Pa Ingalls’ fiddle was sitting on the table of the museum archive room. Still in its case.
The curator, Tana Redman, smiled at me.
“You’ll need to wash your hands before you play it,” she said.
Pa Ingalls’ fiddle is one of the most well-known and sacred literary objects in American history. Second only to Huck’s raft, Hester Prynne’s scarlet ‘A,’ or the Leg Lamp.
The fiddle is on display at the Laura Ingalls Wilder Museum in Mansfield, Missouri. It is the star attraction of the museum.
I inspected the fiddle.
The fingerboard was not made of ebony but softwood. Pearwood maybe. There were divots worn in the fingerboard from Pa’s fingers. Millions of little nicks from his fingernails, peppering first position, carving grooves in the wood.

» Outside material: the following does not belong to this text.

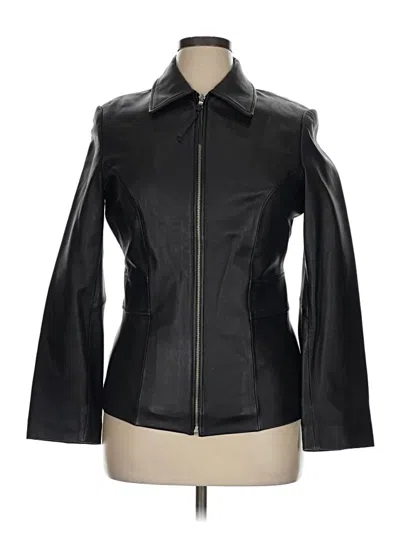 Pre-owned Express Jacket In Black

The fiddleback was adorned with a pattern of scratches, maybe from Pa’s collar, or perhaps the clips of his suspenders, scraping the varnish.
I tuned it, but the tension pegs weren’t holding. Dry weather makes tension pegs about as cooperative as an IRS auditor.
Charles Ingalls learned to play this fiddle around age 16. This instrument might’ve been his first fiddle.
He learned to play by hanging out at local dances in Campton Township, Illinois, in the 1850s. Charles attended monthly dances at the Garfield House Inn, like all the young people in the area. Except Charles gravitated toward the band.
After about ten minutes of struggling against the tuning pegs, I finally got the fiddle up to pitch. I wedged the instrument beneath my chin. I positioned the bow against the strings, and…
The fiddle had already fallen out of tune.
The tension pegs kept slipping. In Pa’s day, he would have simply removed one of these pegs and sucked on it. The moisture from his saliva would have made the peg stick. But I wasn’t about to suck on a piece of cherished American history. At least, not unless someone could distract Tana.
So, I waged battle with the old tuning pegs, squeezing and twisting, pressing and pushing, cranking and winding, until my hands ached.
And I thought about how many times Pa must have done this exact thing. I thought of how many snowstorms this fiddle had gotten his family through. How many rainy days.
I thought of the Ingalls family’s first Christmas in Kansas. A young family, snowed-in, stuck in a prairie cabin on Christmas morning.
I thought of how Laura and Mary danced that morning, to the sounds of the very instrument in my hands.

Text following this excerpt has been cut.